Les années qui ont suivi le forum de Nyéléni, ont vu fleurir des initiatives en faveur de la reconnaissance de la souveraineté alimentaire à différents niveaux. Mais il est très difficile de parvenir à ce que les textes officiels ne dévoient pas la souveraineté alimentaire de son sens exact.
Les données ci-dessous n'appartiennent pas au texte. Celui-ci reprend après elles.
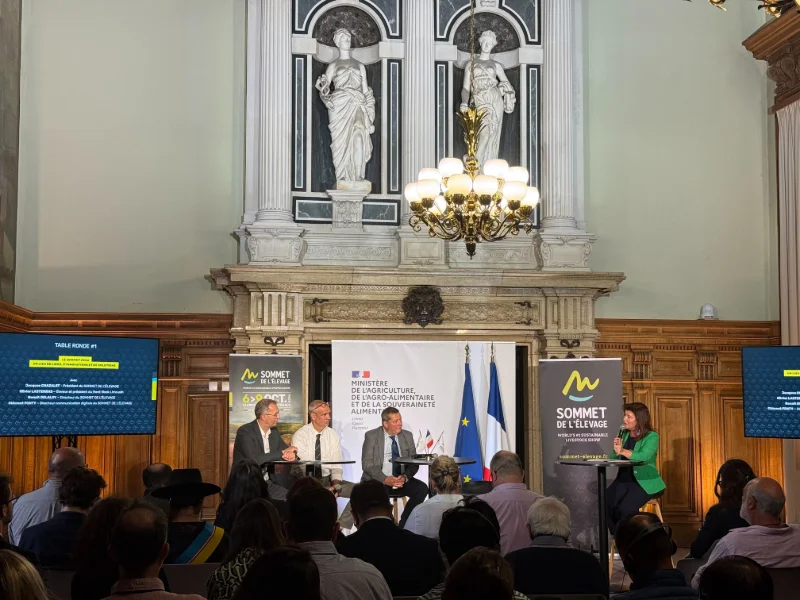 Conference
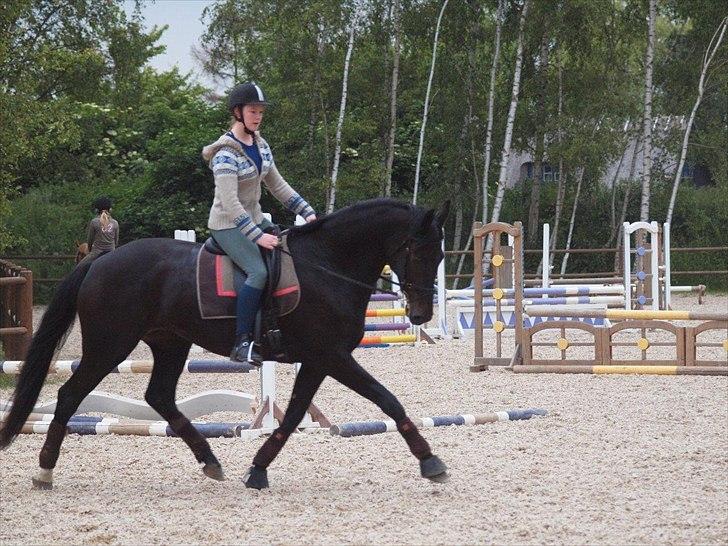Dansk Varmblod Clarissa - Foto: Joan Bækkeskov billede 14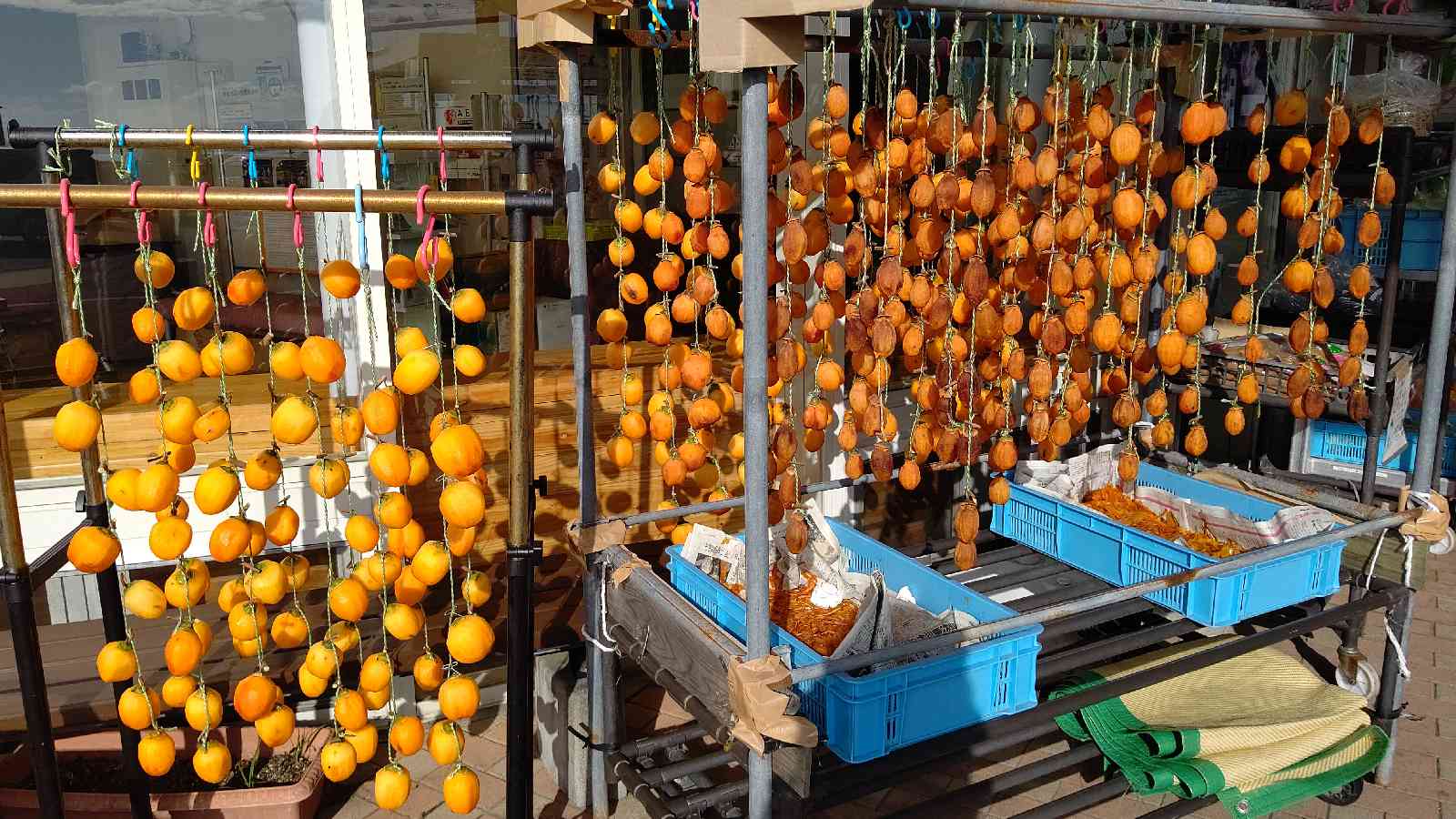 投稿された画像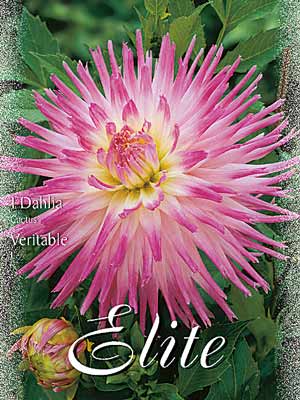 Kaktus-Dahlie 'Veritable', Dahlia (Art.Nr. 520092)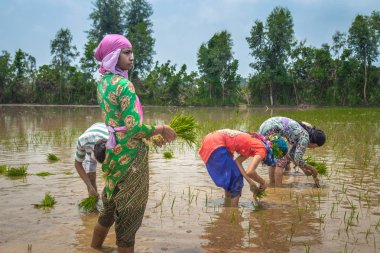 Pirinç çeltik alanında Hint çiftçi Ekim pirinç fide.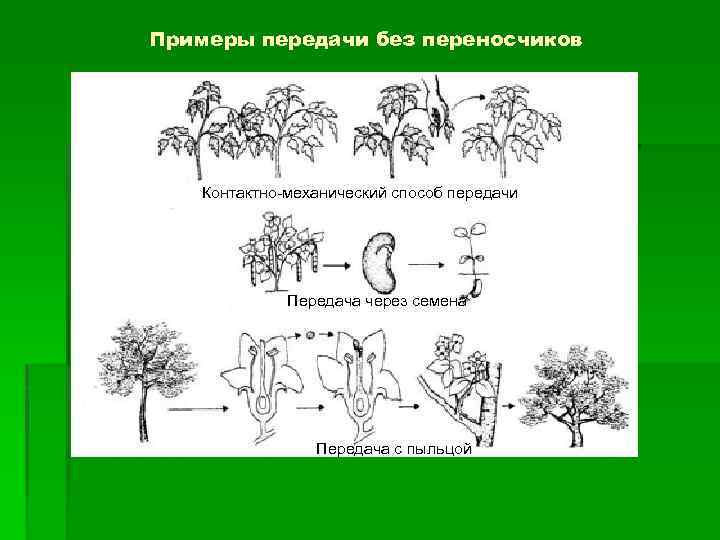 Примеры передачи без переносчиков Контактно-механический способ передачи Передача через семена Передача с пыльцой 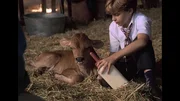 Jimmy (Bobby Edner) versucht, das kranke Kalb Hannibal aufzupeppeln.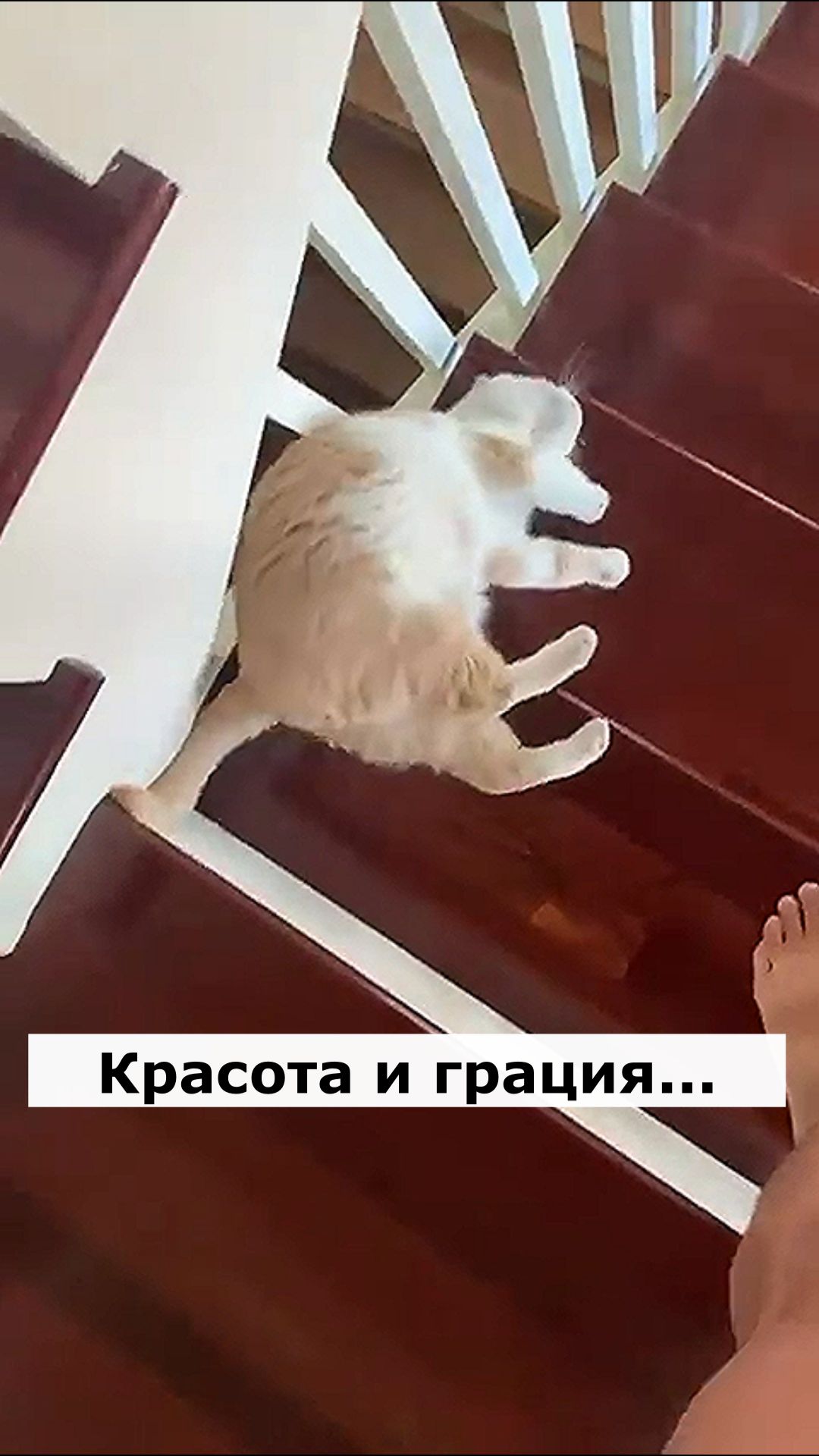 Красота и грация. Астральные котики.#котик #нежность #юмор #прикол #шутка #позитив #настроение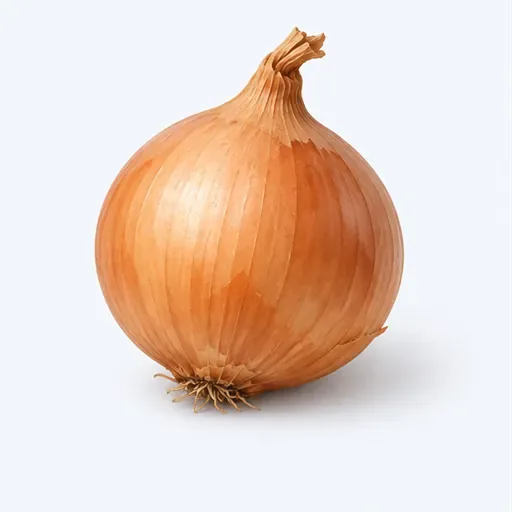 l'oignon (m.): 洋葱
Pour cette raison, La Via Campesina salue avec enthousiasme l’initiative portée par deux de ses membres, Uniterre et l’Autre syndicat, qui avec le soutien d’une large alliance pour la souveraineté alimentaire sont parvenus à récolter suffisamment de signatures des citoyens suisses pour qu’une votation puisse être proposée à l’ensemble de la population suisse. Cette votation, qui aura lieu dans les 3 années à venir, a pour objectif d’introduire un article sur la souveraineté alimentaire dans la constitution suisse. Il s’agit d’un événement extrêmement important car si suffisamment de Suisses votent en faveur de cet amendement, la Suisse serait le premier pays de l’hémisphère Nord à devoir modifier sa constitution et donc à terme sa politique agricole pour aller dans le sens d’une agriculture paysanne de proximité, un commerce international plus équitable et une agriculture à l’écoute de la population et respectueuse des autres régions. L’enjeu est de taille car il s’agit de parvenir à inscrire cette fois la souveraineté alimentaire en prenant en compte toutes ses dimensions.
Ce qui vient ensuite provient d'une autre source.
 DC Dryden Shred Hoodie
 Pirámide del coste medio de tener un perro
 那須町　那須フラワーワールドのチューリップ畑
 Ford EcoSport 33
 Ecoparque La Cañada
C’est une longue campagne de sensibilisation qui s’annonce pour Uniterre, L’Autre syndicat et l’ensemble de l’alliance pour la souveraineté alimentaire. En tant que mouvement international, La Via Campesina suivra de près les avancées de cette initiative et lui apportera tout son soutien. Quand la souveraineté alimentaire avance sur un coin du globe, c’est l’ensemble de notre mouvement qui avance.